The initiative will be one of the biggest and costliest proposals of McAuliffe’s final General Assembly session, his office said. Virginia governors are limited to a single four-year term, and McAuliffe’s winds up after next year.

“As we all know, our current behavioral health system is not a 21st century system,” McAuliffe said Wednesday in announcing the proposal. “It was set up many decades ago when we did not understand all the issues that we needed to. . . . It was a system that was built around institutionalizing individuals in order to treat them, and that does not breed success.”

Instead of responding only in times of crisis, he said, the state mental-health system needs to be updated to reflect current thinking about treatment and to provide consistent care around the state. In Virginia, regional agencies known as community services boards screen people for admission to publicly funded mental-health or substance-abuse services. There are 40 such boards in localities across the state, and they all operate differently.
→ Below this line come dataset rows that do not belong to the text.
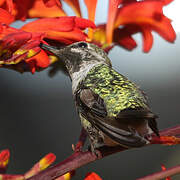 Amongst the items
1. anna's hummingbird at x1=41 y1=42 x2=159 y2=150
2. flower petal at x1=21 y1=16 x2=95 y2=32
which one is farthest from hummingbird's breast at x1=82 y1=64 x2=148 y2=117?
flower petal at x1=21 y1=16 x2=95 y2=32

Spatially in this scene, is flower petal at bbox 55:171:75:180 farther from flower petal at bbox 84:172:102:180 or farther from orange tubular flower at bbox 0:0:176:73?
orange tubular flower at bbox 0:0:176:73

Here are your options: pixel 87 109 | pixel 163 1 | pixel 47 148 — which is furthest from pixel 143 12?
pixel 47 148

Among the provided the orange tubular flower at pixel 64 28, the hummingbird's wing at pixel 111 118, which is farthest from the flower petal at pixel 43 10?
the hummingbird's wing at pixel 111 118

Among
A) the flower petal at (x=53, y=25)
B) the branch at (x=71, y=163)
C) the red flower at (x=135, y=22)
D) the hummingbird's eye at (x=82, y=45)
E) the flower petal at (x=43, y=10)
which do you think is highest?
the flower petal at (x=43, y=10)

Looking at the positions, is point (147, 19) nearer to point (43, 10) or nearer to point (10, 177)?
point (43, 10)

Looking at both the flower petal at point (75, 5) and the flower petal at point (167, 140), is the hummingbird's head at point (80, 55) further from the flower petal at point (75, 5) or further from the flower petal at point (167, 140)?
the flower petal at point (167, 140)

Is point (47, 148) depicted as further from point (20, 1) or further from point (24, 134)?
point (20, 1)

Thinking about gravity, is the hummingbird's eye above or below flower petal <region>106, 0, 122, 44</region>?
below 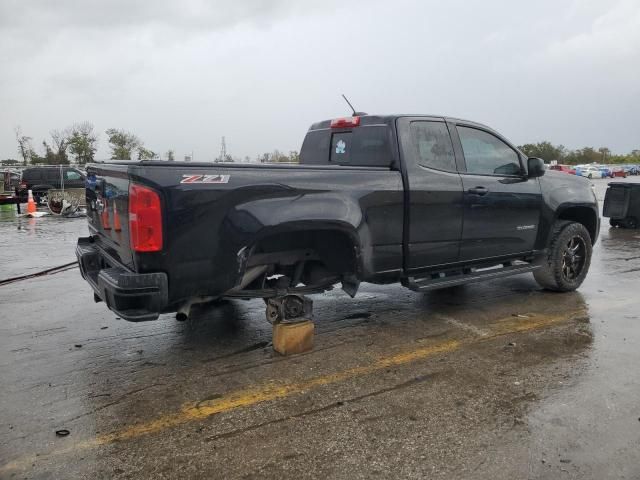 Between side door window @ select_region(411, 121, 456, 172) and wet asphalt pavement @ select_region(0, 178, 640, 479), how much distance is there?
5.01 ft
“If we are successful, Virginians no matter where they are – that they be in Dickinson County, or Fairfax County – should all receive the same level of care,” McAuliffe said.

His budget will call for:

– $8.2 million to fund more staffers at the community boards around the state so they can evaluate people seeking help on a same-day turnaround.
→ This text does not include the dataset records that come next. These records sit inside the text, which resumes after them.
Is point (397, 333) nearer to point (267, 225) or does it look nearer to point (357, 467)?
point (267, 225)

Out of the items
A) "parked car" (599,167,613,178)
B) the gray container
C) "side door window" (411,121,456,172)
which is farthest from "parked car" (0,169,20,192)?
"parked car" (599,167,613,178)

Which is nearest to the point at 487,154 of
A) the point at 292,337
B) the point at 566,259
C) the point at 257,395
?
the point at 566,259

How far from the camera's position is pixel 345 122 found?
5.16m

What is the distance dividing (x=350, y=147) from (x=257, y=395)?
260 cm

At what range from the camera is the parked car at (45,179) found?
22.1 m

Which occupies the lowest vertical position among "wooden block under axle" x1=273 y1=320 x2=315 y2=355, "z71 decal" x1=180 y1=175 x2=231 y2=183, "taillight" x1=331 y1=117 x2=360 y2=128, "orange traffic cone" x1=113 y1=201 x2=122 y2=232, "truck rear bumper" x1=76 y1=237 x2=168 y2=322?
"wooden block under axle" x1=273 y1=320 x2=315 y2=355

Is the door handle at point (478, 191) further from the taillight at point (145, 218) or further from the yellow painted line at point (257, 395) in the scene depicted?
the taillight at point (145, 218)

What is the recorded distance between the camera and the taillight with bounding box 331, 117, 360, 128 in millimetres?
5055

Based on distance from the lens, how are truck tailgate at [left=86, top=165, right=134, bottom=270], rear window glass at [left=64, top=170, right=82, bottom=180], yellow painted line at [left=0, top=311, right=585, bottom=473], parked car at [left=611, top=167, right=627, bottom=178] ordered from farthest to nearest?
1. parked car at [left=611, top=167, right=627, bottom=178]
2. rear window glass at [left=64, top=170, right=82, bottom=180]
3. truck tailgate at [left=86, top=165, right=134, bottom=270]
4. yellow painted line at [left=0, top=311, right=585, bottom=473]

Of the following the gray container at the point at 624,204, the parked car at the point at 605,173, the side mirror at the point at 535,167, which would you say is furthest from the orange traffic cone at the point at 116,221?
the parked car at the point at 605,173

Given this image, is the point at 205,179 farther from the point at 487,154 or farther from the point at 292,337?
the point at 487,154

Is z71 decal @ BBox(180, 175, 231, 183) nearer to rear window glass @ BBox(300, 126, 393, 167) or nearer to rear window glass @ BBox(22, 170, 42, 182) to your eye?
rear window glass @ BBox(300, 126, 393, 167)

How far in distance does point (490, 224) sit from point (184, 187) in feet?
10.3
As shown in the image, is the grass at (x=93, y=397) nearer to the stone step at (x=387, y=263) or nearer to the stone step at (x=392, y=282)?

– $7.4 million to help state mental-health hospitals deal with a capacity crunch, enabling them to pay for beds in private facilities or take other steps to alleviate crowding.

– $2.1 million to hire an additional 24 full-time security employees at state mental hospitals.

– $5.3 million to help prevent opioid overdoses, including treatment and buying doses of naloxone, a drug that can stop the effects of heroin and other opioids.

– $4.2 million for positions to conduct mental-health screening at local and regional jails.

As part of the request, McAuliffe is also seeking $4.5 million to conduct a study of all related statewide services and come up with a comprehensive behavioral health-care plan.

Many of the same issues have also been evaluated by the General Assembly’s Joint Subcommittee to Study Mental Health Services, which has announced its own package of legislation for the upcoming session.

That effort is led by state Sen. R. Creigh Deeds (D-Bath), whose son was denied mental-health services and then stabbed his father before killing himself in 2013.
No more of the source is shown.